**Short text fragments from websites:**
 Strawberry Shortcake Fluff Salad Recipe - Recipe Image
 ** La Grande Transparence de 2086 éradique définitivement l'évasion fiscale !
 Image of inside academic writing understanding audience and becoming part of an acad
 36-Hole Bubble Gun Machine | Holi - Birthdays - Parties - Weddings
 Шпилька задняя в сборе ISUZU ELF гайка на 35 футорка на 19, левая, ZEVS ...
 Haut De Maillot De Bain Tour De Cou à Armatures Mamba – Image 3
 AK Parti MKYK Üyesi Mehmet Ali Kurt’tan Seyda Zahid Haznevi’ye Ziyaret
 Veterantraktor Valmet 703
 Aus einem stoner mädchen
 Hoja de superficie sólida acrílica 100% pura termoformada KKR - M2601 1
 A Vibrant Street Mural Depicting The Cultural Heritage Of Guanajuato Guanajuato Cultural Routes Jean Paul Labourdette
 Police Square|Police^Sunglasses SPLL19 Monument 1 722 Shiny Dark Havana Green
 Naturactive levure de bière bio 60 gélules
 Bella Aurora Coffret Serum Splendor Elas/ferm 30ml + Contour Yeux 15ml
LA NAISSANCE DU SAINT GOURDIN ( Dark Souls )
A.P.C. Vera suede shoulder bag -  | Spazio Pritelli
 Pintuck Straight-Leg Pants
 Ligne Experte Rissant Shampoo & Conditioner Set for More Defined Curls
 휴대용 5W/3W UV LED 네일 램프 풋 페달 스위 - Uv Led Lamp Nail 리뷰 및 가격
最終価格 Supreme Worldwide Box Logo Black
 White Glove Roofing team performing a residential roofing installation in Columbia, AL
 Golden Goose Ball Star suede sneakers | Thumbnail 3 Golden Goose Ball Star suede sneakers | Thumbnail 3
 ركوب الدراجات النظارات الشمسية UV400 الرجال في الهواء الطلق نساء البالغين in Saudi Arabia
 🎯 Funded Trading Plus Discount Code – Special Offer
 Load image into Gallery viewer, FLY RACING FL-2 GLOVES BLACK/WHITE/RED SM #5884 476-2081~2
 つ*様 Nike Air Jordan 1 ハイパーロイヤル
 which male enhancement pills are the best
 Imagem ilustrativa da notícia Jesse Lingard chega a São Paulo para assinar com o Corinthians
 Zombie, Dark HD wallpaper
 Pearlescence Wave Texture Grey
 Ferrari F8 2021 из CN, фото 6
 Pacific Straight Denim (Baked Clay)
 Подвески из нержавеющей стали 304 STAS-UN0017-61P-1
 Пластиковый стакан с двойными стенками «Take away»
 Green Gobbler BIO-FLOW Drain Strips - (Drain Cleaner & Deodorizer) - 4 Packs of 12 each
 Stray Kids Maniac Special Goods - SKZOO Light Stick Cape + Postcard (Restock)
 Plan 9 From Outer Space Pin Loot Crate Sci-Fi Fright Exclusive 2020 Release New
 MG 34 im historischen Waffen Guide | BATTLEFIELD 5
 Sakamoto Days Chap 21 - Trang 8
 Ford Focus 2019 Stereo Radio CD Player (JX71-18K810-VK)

**WHAT TO DO:** Only the lines above from the one with "Naturactive levure de bière bio 60 gélules" through the one with "最終価格 Supreme Worldwide Box Logo Black" should be duplicated, character for character.

**RESULT OF THE TASK:**
 Naturactive levure de bière bio 60 gélules
 Bella Aurora Coffret Serum Splendor Elas/ferm 30ml + Contour Yeux 15ml
LA NAISSANCE DU SAINT GOURDIN ( Dark Souls )
A.P.C. Vera suede shoulder bag -  | Spazio Pritelli
 Pintuck Straight-Leg Pants
 Ligne Experte Rissant Shampoo & Conditioner Set for More Defined Curls
 휴대용 5W/3W UV LED 네일 램프 풋 페달 스위 - Uv Led Lamp Nail 리뷰 및 가격
最終価格 Supreme Worldwide Box Logo Black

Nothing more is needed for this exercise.